“You’ve got to know when to hold ‘em. Know when to fold ‘em. Know when to walk away. Know when to run.” — Kenny Rogers, country music singer
“Go on take the money and run.” — The Steve Miller Band, American rock band
Risks around stocks have risen considerably, and even long term investors should now substantially underweight equity exposure. Due to the unique characteristics of this stock market, my best advice is to now treat it as if in the onset of a bear market, regardless of near term price action. At this point in 2014 many warning signs are flashing red—the bond market is signaling weakening growth and greater risk of default, while stock market breadth has deteriorated with many stocks, including small cap and foreign indices, exhibiting extended weakness, while fewer, very large stocks were supporting the market until the recent sell off. The risk versus reward of stock exposure has become too high for an even normal stock allocation, let alone the aggressive allocation most currently posses. It’s time to under weight stocks by taking money out of the market or hedging equity exposure with relation to key technical levels.

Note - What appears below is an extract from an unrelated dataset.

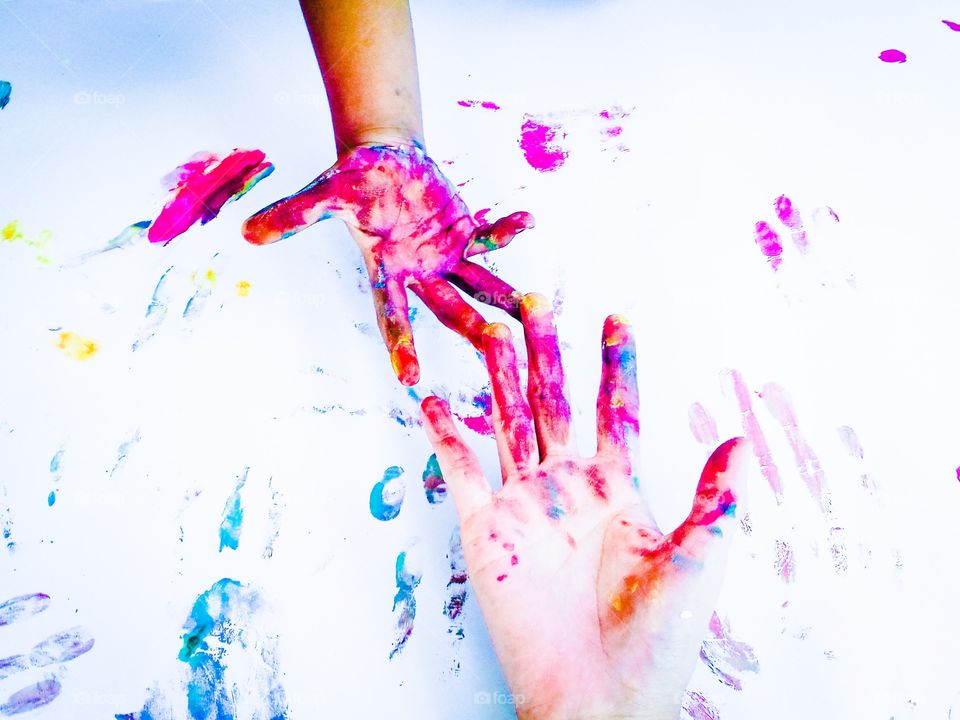 Happy child with paint on the hands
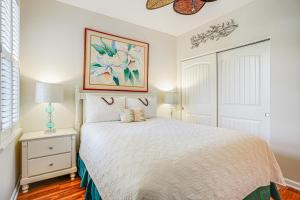 a bedroom with a white bed and a picture on the wall at Nihilani 32B in Princeville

As the stock market struggles to make new highs, investors are increasingly complacent despite worrisome developments. Yet, the U.S. stock market itself is looking increasingly shaky. Worrisome signs are also growing around the U.S. housing sector critical to America’s economy and China’s economy, which has been an engine of growth for the global economy. Although the price action of this stock market remains healthy enough to justify holding a substantial amount of stocks in a long-term portfolio, this does not justify complacency or in my view significant stock exposure for investors with shorter-term time horizons, particularly in light of growing bearish signs.

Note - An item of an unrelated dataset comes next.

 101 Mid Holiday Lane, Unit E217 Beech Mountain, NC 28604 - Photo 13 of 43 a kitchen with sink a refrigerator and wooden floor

Unwilling to yet call a bear market, I have nevertheless become increasingly negative on this bull market. But despite a rough January, the stock market, as measured by the S&P 500, remains above its 125-day moving average—a level it has held for over a year. As such it would still be premature to call the current bull market over. But it’s not too early to examine why a meaningful move down with a breach of important technical levels, such as the 125-day, will be a reason to adopt a defensive posture, rather than “buy the dip” as so many are already advocating. In the spirit of my first “A Scary Looking Market” post I’ve included some new charts that argue against many of the currently popular bullish arguments. There is good reason to believe that optimism for the ability of the Federal Reserve through monetary policy to engineer strong economic growth is misplaced. Also unlikely to be realized is the hope that stock price multiples will grow further in a Great Rotation of investors moving from cash and bonds into stocks.